28 października 2020 we wspólnym oświadczeniu NASA i SpaceX ogłosiły, że termin startu misji Crew-1 na Międzynarodową Stację Kosmiczną (MSK) został przełożony na 14 listopada 2020. Pierwotny termin był przewidziany na 31 października, ale 2 października na 2 sekundy przed opuszczeniem wyrzutni został przerwany start rakiety Falcon 9 w ramach misji wyniesienia satelity GPS III dla US Air Force.
Okazało się, że dwa z 9 silników Merlin włączyły się zbyt wcześnie, co spowodowało automatyczne przerwanie startu. Wadliwe silniki zostały wymontowane i przesłane do ich wytwórni w McGregor w Teksasie. W trakcie przeglądu okazało się, że na duraluminiowych zaworach generatora gazu napędzającego mechanikę silnika pozostały powierzchnie pokryte lakierem o wielkości paznokcia. W trakcie procesu anodowania powierzchni zaworów ich część została zabezpieczona specjalnym lakierem, aby nie była anodowana. Jednak później lakier nie został w całości usunięty i spowodował niesprawność w działaniu zaworów.
SpaceX twierdzi, że wcześniej nie wykryto problemów z anodowaniem i w związku z tym nakazała przegląd wszystkich nowych silników Merlin. Okazało się, że w dwóch silnikach rakiety mającej wynieść astronautów na orbitę wokółziemską także zaobserwowano problem związany z brakiem usunięcia lakieru po anodowaniu.
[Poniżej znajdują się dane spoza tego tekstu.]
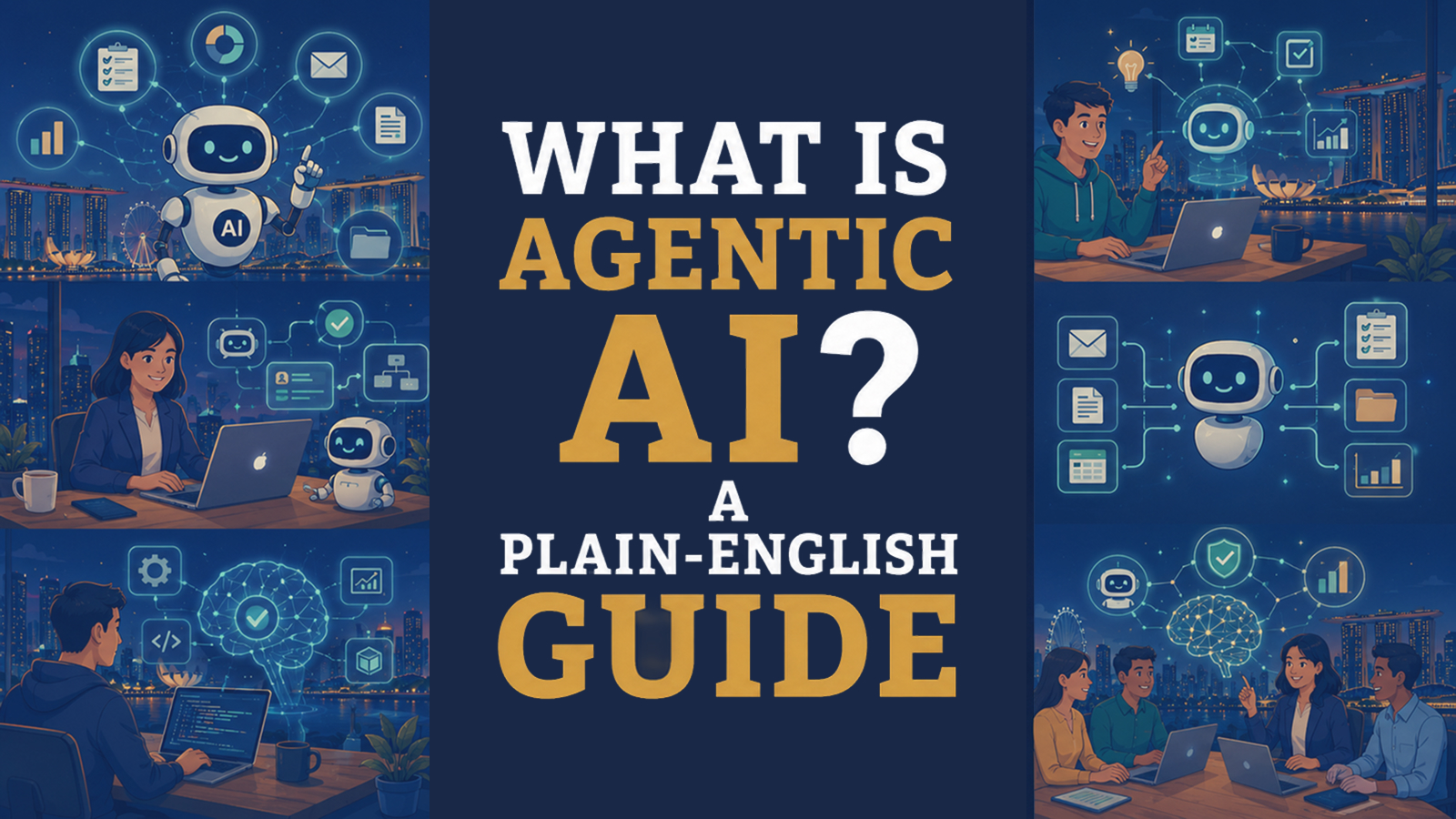 What Is Agentic AI? A Plain-English Guide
Silniki te zostały zamienione na nowe.
W oparciu o powyższe i w uzgodnieniu z NASA SpaceX planuje 4 listopada zrealizować opóźnioną misję GPS III dla USAF, a 10 listopada misję Sentinel-6 dla NASA. Dopiero pozytywny wynik tych obu startów ma pozwolić na lot astronautów 14 listopada na MSK.